When the Syrian uprisings began nearly three years ago, the one thing that those in Lebanon felt sure of was that the conflict would eventually leak across the border.
The coordinated suicide bombings in Beirut on Tuesday, which killed Iran’s cultural attaché and more than 20 other people, are just the latest demonstration of that terrible certainty. They are the product of a proxy war in the country that mirrors the themes, if not the scale, of the dire conflict that continues in Syria.
Responsibility for the bombings was claimed by the Abdullah Azzam Brigade, a Sunni insurgent group with links in Al Qaeda, and the target was the Iranian embassy. The Islamic Republic has been one of the Assad regime’s staunchest supporters both politically and militarily.
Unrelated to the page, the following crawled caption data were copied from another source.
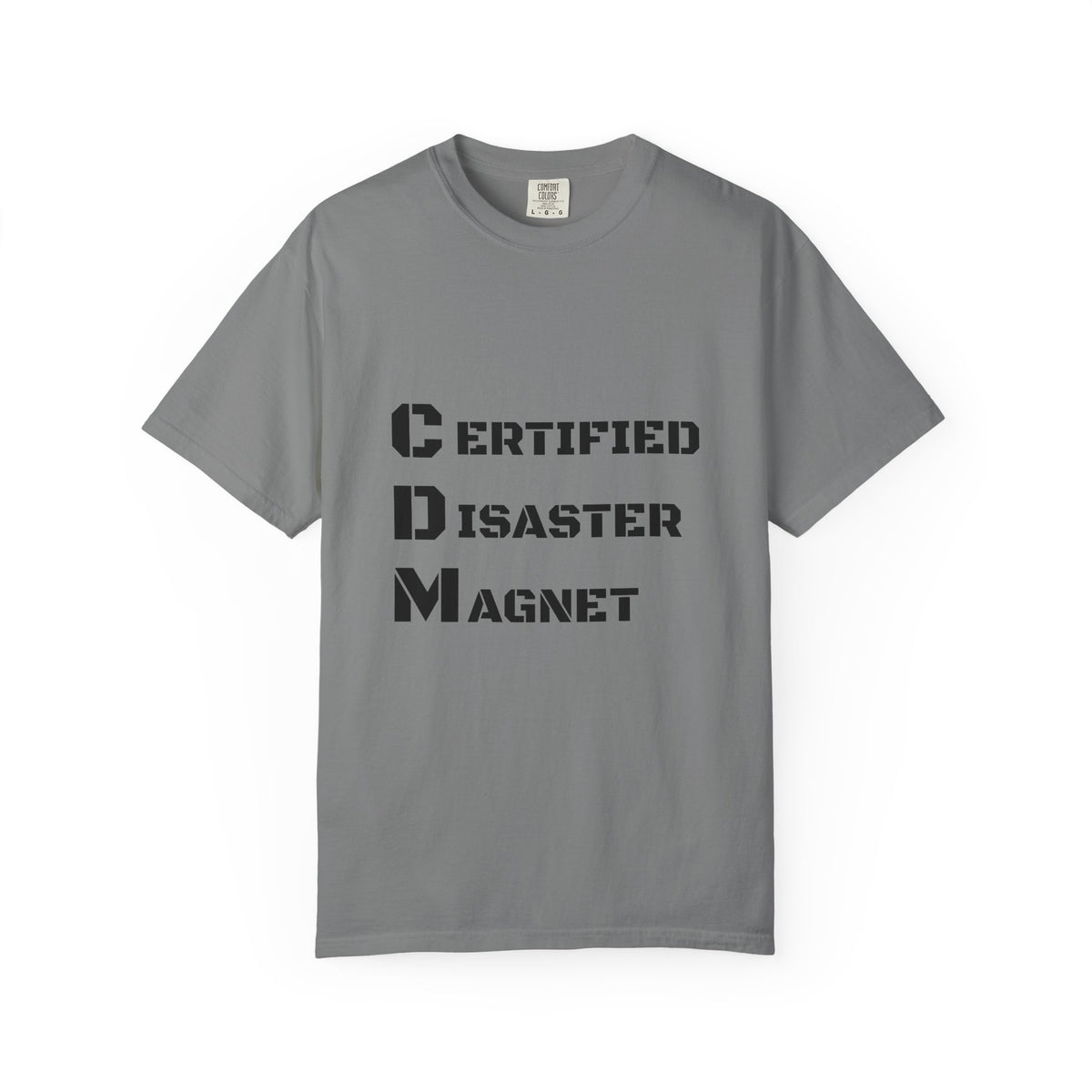 Certified Disaster Magnet T-Shirt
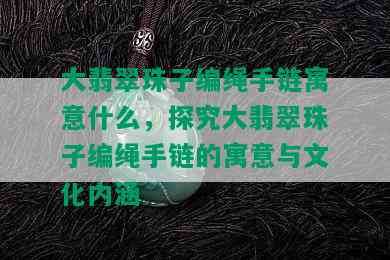 大翡翠珠子编绳手链寓意什么，探究大翡翠珠子编绳手链的寓意与文化内涵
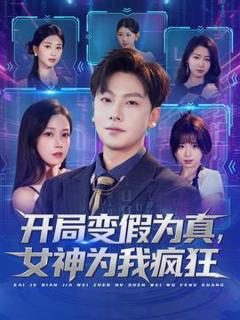 免费在线观看《开局变假为真，女神为我疯狂》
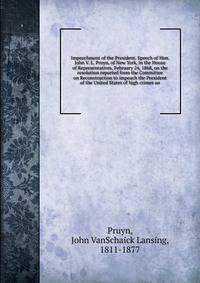 Impeachment of the President. Speech of Hon. John V. L. Pruyn, of New York, in the House of Representatives, February 24, 1868, on the resolution reported from the Committee on Reconstruction to impeach the President of the United States of high crimes an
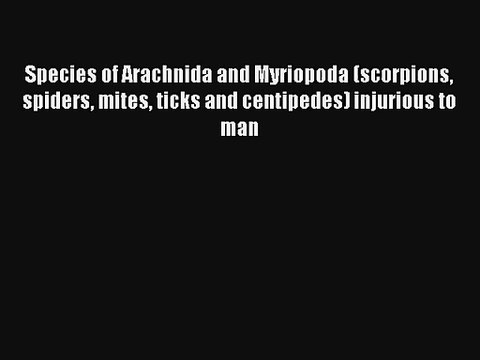 Species of Arachnida and Myriopoda (scorpions spiders mites ticks and centipedes) injurious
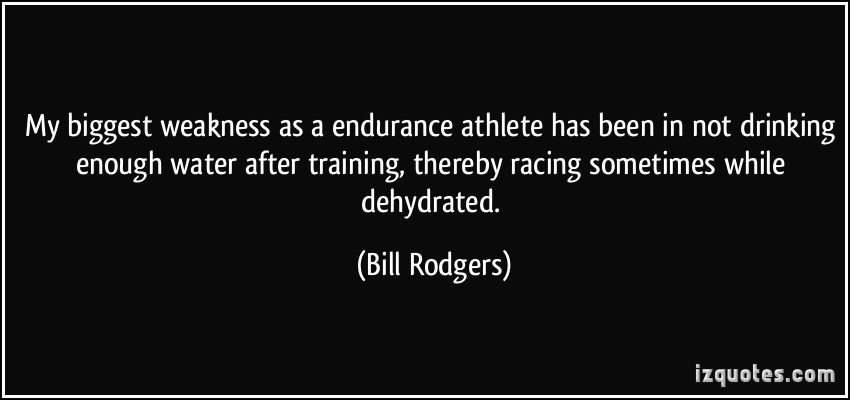 My biggest weakness as a endurance athlete has been in not drinking enough water after training, thereby racing sometimes while dehydrated. Bill Rodgers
It was just the latest tit-for-tat attack between groups linked to pro- and anti-Assad forces in Lebanon and the country is now at risk of losing the delicate peace that has survived since the country emerged from its long civil war two decades ago.
Behind this extended truce is a power-sharing agreement between the country’s ethnic and religious groups, and its continuation is all the more notable for having overcome significant challenges. Most noteworthy was the 2005 assassination of Rafiq Hariri, Lebanon’s former prime minister, which a UN-backed criminal tribunal blamed on Hizbollah.
The question now is whether this peace, having proven to be resilient even in the situation of the assassination of a major political leader, might be susceptible to this overflow of the Syrian conflict.
One difference is Hizbollah’s role in Syria has, unusually, been overt. The militia fought alongside Syrian army forces in May and June to take back the strategically important rebel-held Syrian town of Qusayr.
Soon afterwards, car bombs exploded in Hizbollah-controlled sections of Beirut, attributed to Lebanese groups opposing the Assad regime. Other retaliatory bombings followed.
Now those in Lebanon wait to see how pro-Iranian and pro-Assad factions will respond to Tuesday’s bombings.
The worst-case scenario will be the nation sinking back into the dark abyss of domestic conflict, condemning the Lebanese to the same kind of grinding and interminable despair that they have just begun to overcome.